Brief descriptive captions
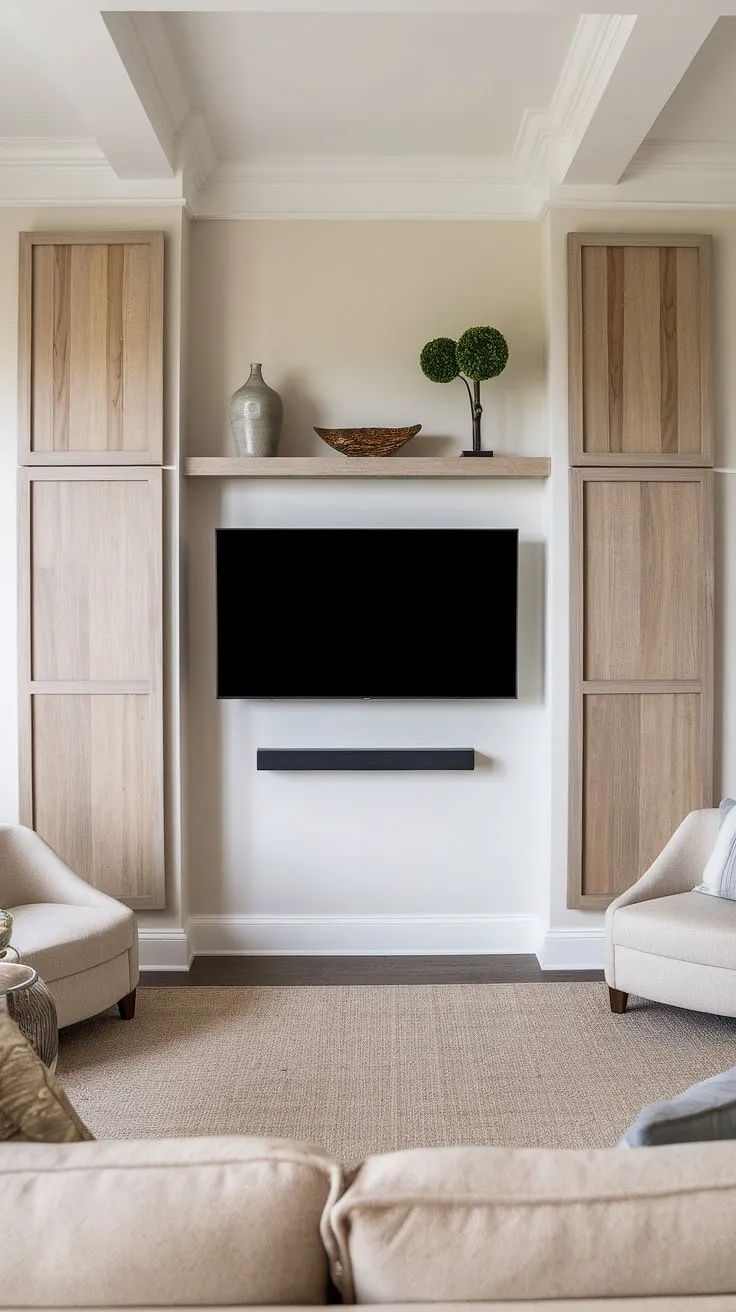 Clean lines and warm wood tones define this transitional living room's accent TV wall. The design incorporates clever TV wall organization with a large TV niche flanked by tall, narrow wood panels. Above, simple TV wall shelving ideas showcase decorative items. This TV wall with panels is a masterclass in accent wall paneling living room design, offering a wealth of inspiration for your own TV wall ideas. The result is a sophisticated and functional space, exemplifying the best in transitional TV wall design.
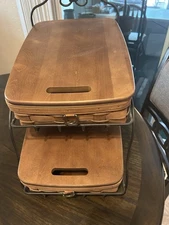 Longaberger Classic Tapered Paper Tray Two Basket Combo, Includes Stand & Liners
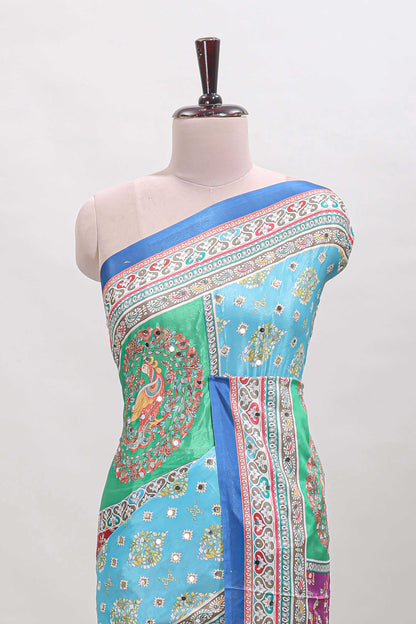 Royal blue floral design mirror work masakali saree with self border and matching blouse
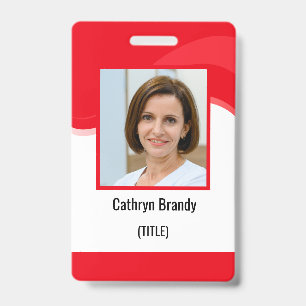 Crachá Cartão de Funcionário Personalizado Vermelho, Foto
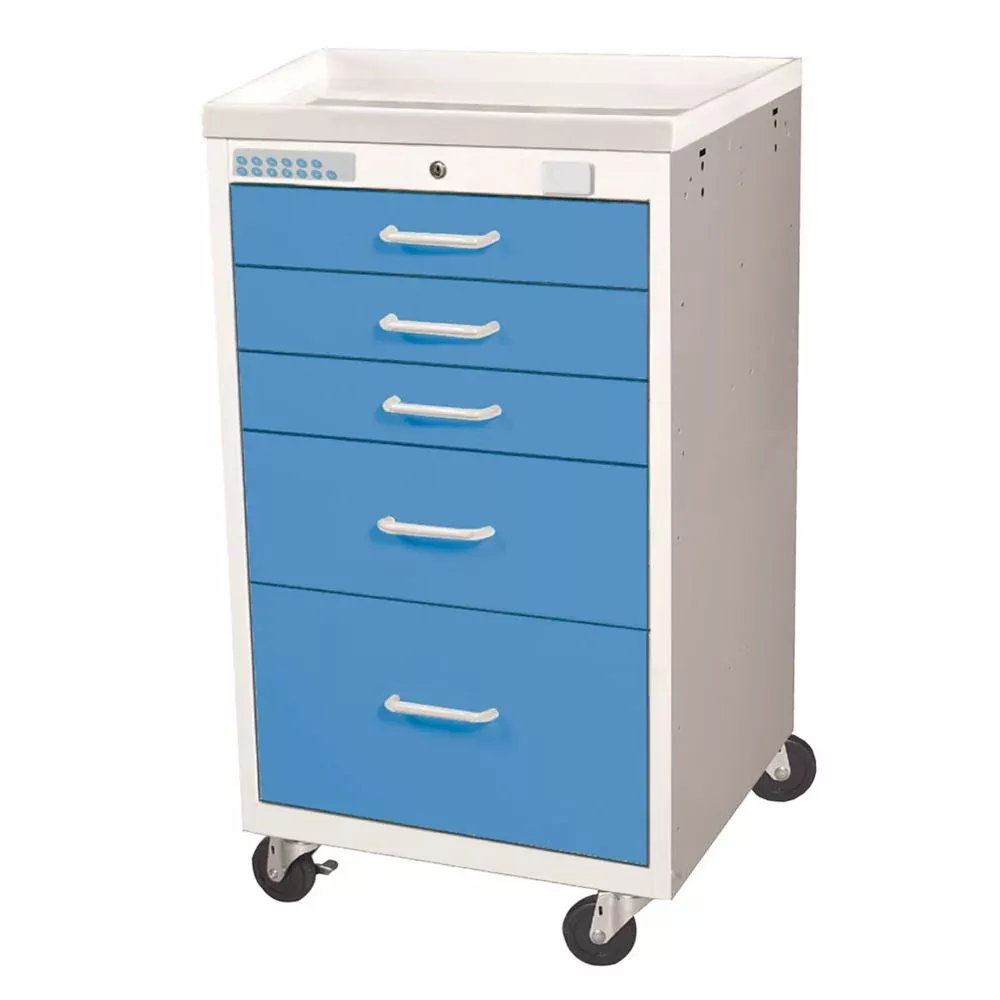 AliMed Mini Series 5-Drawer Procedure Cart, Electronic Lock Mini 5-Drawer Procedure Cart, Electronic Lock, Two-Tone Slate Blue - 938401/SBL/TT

▶ TASK OBJECTIVE:
Every entry above should be given again exactly, with no images included.

▶ YOUR SOLUTION:
 Clean lines and warm wood tones define this transitional living room's accent TV wall. The design incorporates clever TV wall organization with a large TV niche flanked by tall, narrow wood panels. Above, simple TV wall shelving ideas showcase decorative items. This TV wall with panels is a masterclass in accent wall paneling living room design, offering a wealth of inspiration for your own TV wall ideas. The result is a sophisticated and functional space, exemplifying the best in transitional TV wall design.
 Longaberger Classic Tapered Paper Tray Two Basket Combo, Includes Stand & Liners
 Royal blue floral design mirror work masakali saree with self border and matching blouse
 Crachá Cartão de Funcionário Personalizado Vermelho, Foto
 AliMed Mini Series 5-Drawer Procedure Cart, Electronic Lock Mini 5-Drawer Procedure Cart, Electronic Lock, Two-Tone Slate Blue - 938401/SBL/TT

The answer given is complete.